All entries are to be transcribed verbatim, but images are not carried over.

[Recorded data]
BEGIN

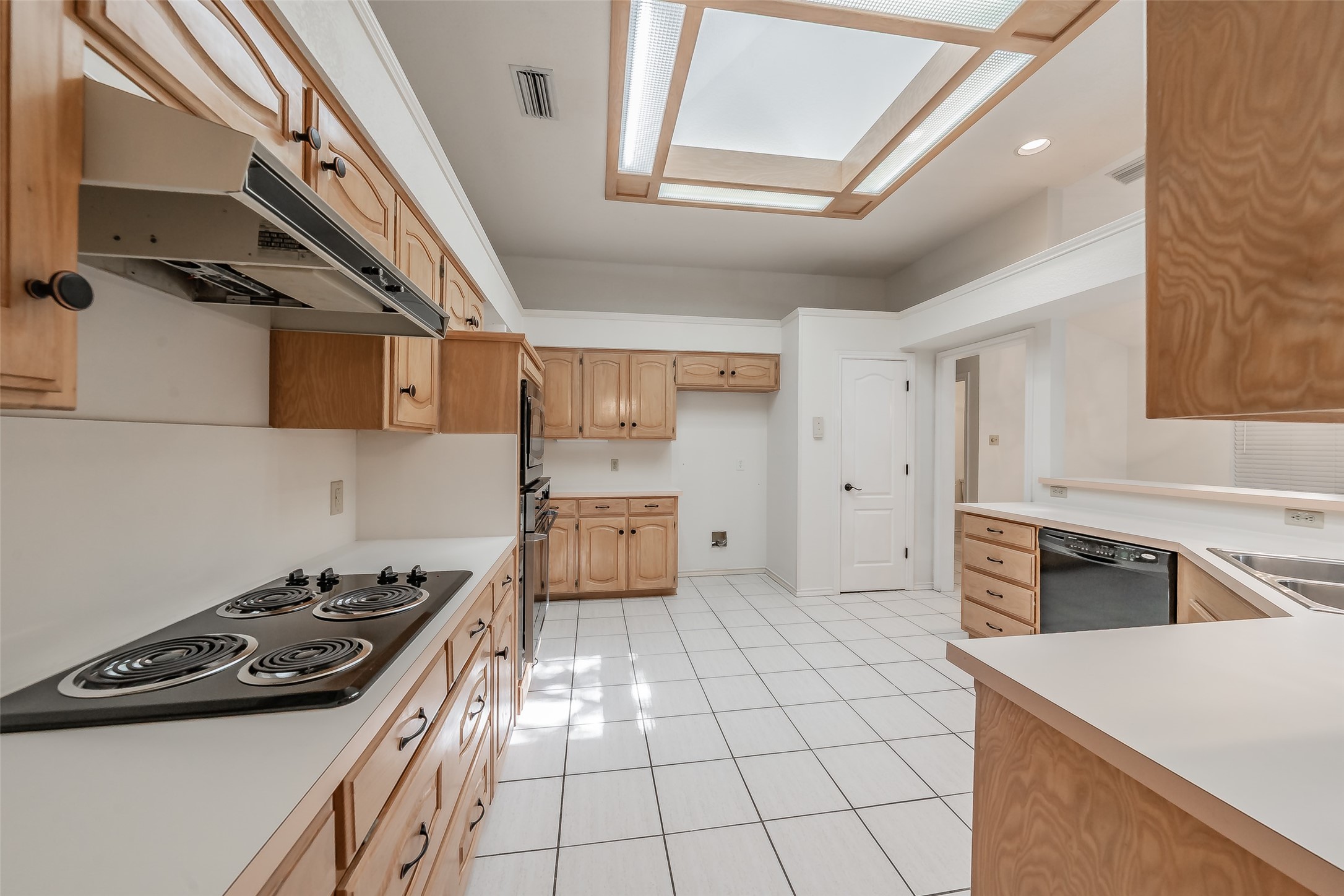 702 Jonathan Drive Euless TX 76040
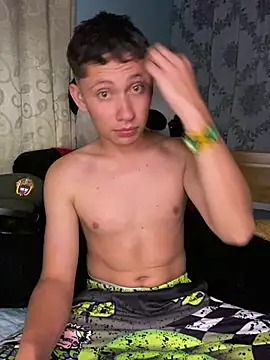 Snapshot of elfernh chatting on 1, 4, 2026 elfernh online show from 1, 4, 2026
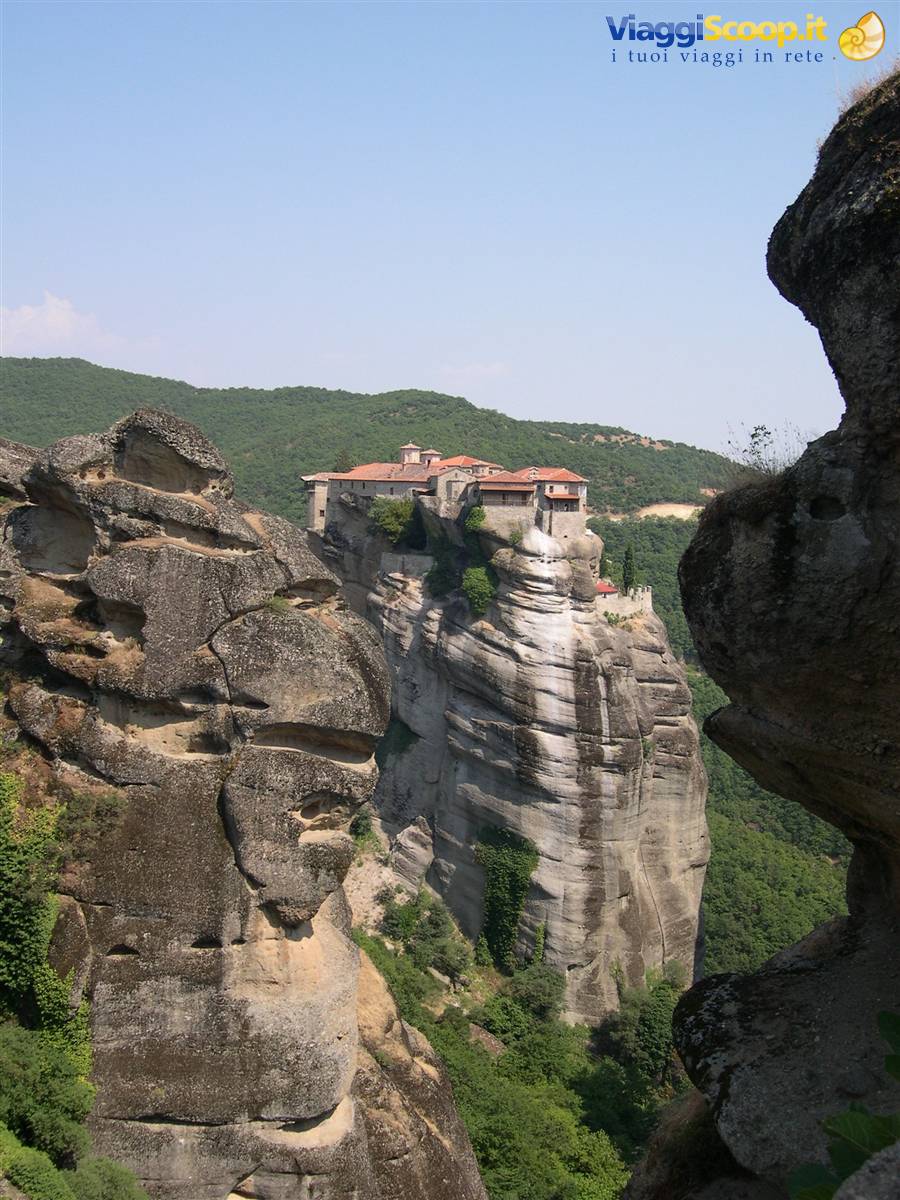 IL MONASTERO SULLA METEORA . . .
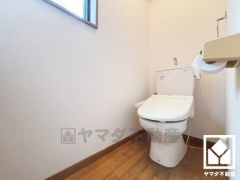明るく清潔感溢れるトイレです。トイレにも小窓が付いており、明るく換気のしやすい空間です。令和7年2月壁天井クロス貼替済。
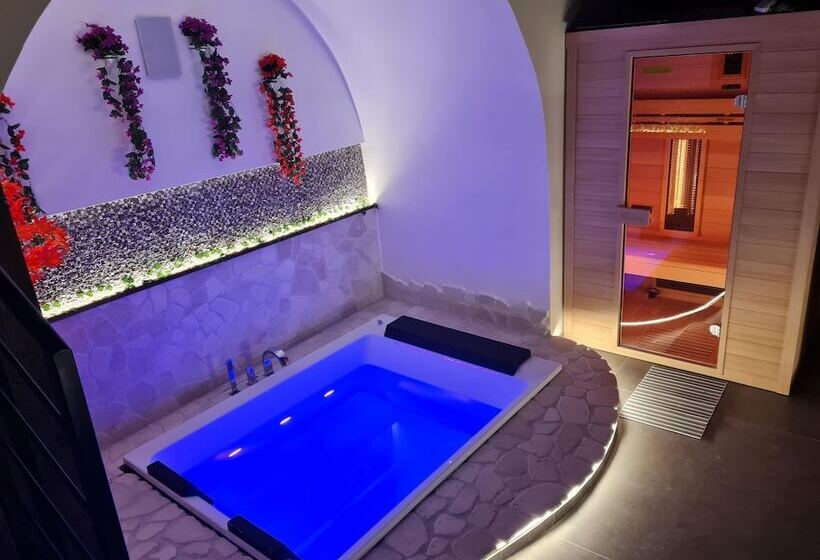 1 Bed Cottage With Indoor Hot Tub And Sauna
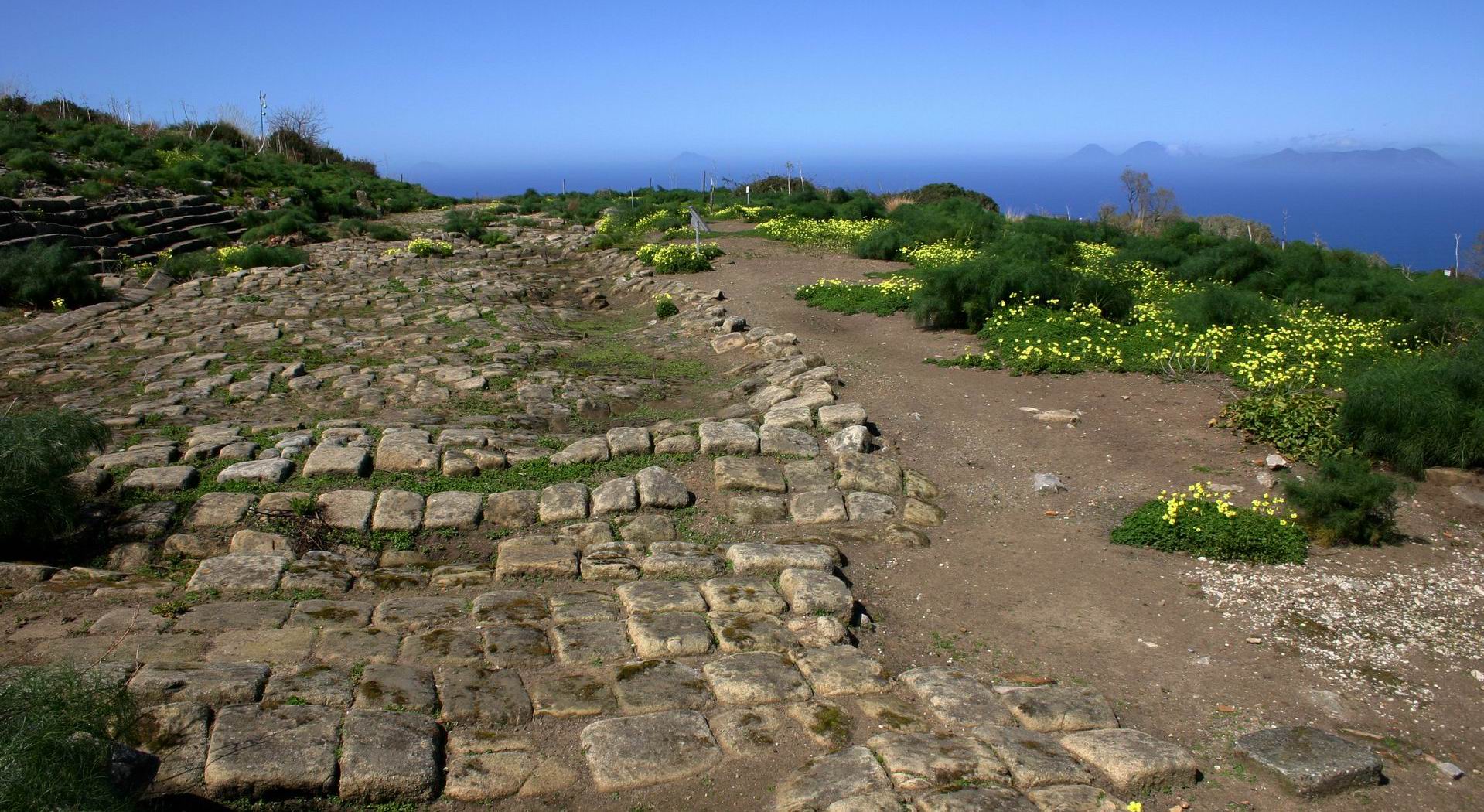 Tindari_Archaeological_Park_Private_Tour.JPG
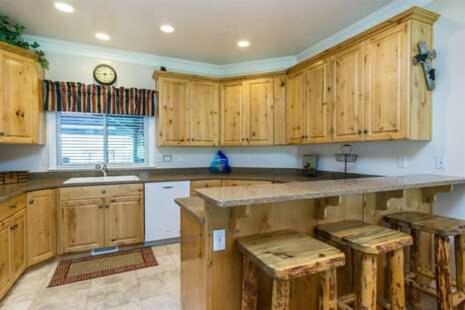 1 Bedroom Vacation Rental on the Shores of Pineview ReservoirLS15A - image 5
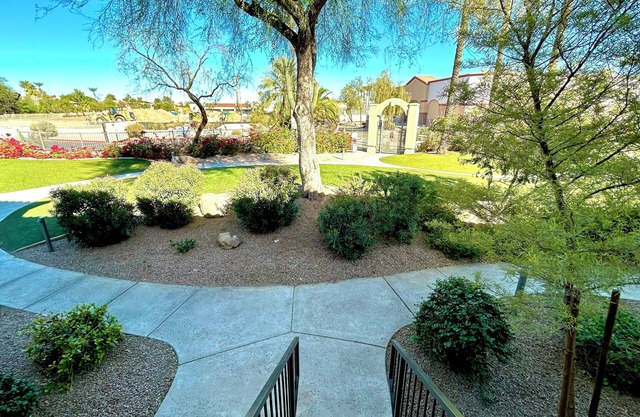 Modern Condo in Prime Location - Pool, Jacuzzi, Dining Nearby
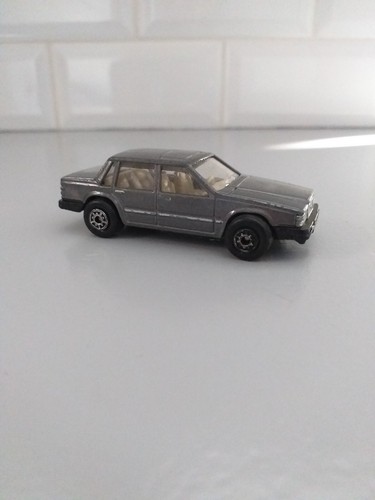 Modèle Réduit Volvo 760 GLE Vintage - Échelle 1:64 MC TOY, France, Série 200 - Occasion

END

◆ TASK SOLUTION
 702 Jonathan Drive Euless TX 76040
 Snapshot of elfernh chatting on 1, 4, 2026 elfernh online show from 1, 4, 2026
 IL MONASTERO SULLA METEORA . . .
明るく清潔感溢れるトイレです。トイレにも小窓が付いており、明るく換気のしやすい空間です。令和7年2月壁天井クロス貼替済。
 1 Bed Cottage With Indoor Hot Tub And Sauna
 Tindari_Archaeological_Park_Private_Tour.JPG
 1 Bedroom Vacation Rental on the Shores of Pineview ReservoirLS15A - image 5
 Modern Condo in Prime Location - Pool, Jacuzzi, Dining Nearby
 Modèle Réduit Volvo 760 GLE Vintage - Échelle 1:64 MC TOY, France, Série 200 - Occasion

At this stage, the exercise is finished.